[Entries taken from a collection]
====

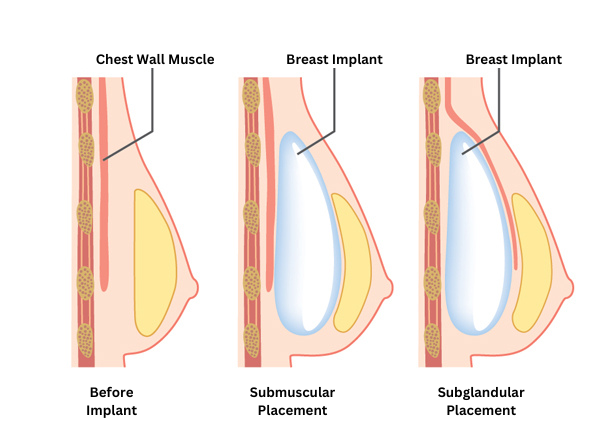 Beverly Hills Breast Implant Placement Comparison: Natural Chest Wall, Beneath Muscle (Submuscular), And Above Muscle (Subglandular) By Dr. Sheila Nazarian.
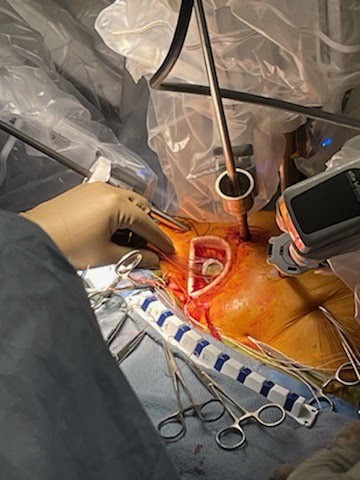 Robotic Aortic Valve Replacement With Percutaneous Cannulation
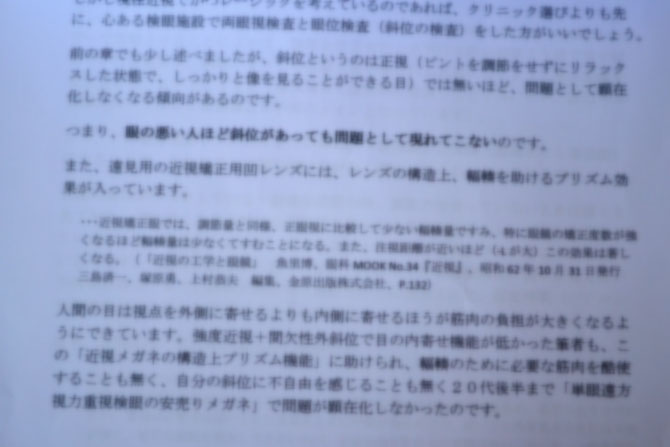 不正乱視は角膜に不規則な凹凸が生じているために発生する乱視である。眼鏡では矯正が難しい。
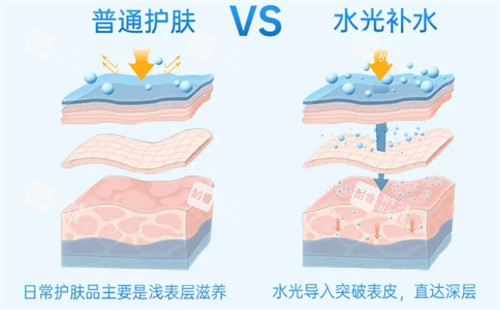 普通补水和水光补水对比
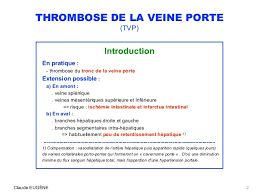 Thrombose De La Veine Porte Causes Signes Diagnostic Traitement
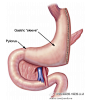 减肥手术对骨代谢的影响。 The Effects of Bariatric Surgery on Bone Metabolism. 【论文医学插画欣赏】国内外文献全文可以为您免费传递！QQ 18147895 活动详情见 O网页链接 ★★★ 喜欢 医学插画 医学美图 医学插图 医学美术 医学可视化 医学插画师 医学动画 请关注我。★★★请前往高能区 ​​​​...展开全文c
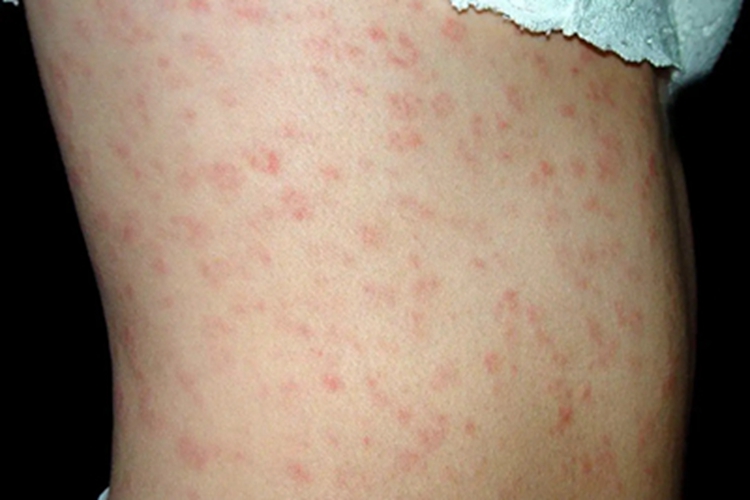 三期梅毒腹部症状图 三期梅毒腹部症状图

====

Your reply should be the entries above, repeated exactly and free of pictures.

 Beverly Hills Breast Implant Placement Comparison: Natural Chest Wall, Beneath Muscle (Submuscular), And Above Muscle (Subglandular) By Dr. Sheila Nazarian.
 Robotic Aortic Valve Replacement With Percutaneous Cannulation
 不正乱視は角膜に不規則な凹凸が生じているために発生する乱視である。眼鏡では矯正が難しい。
 普通补水和水光补水对比
 Thrombose De La Veine Porte Causes Signes Diagnostic Traitement
 减肥手术对骨代谢的影响。 The Effects of Bariatric Surgery on Bone Metabolism. 【论文医学插画欣赏】国内外文献全文可以为您免费传递！QQ 18147895 活动详情见 O网页链接 ★★★ 喜欢 医学插画 医学美图 医学插图 医学美术 医学可视化 医学插画师 医学动画 请关注我。★★★请前往高能区 ​​​​...展开全文c
 三期梅毒腹部症状图 三期梅毒腹部症状图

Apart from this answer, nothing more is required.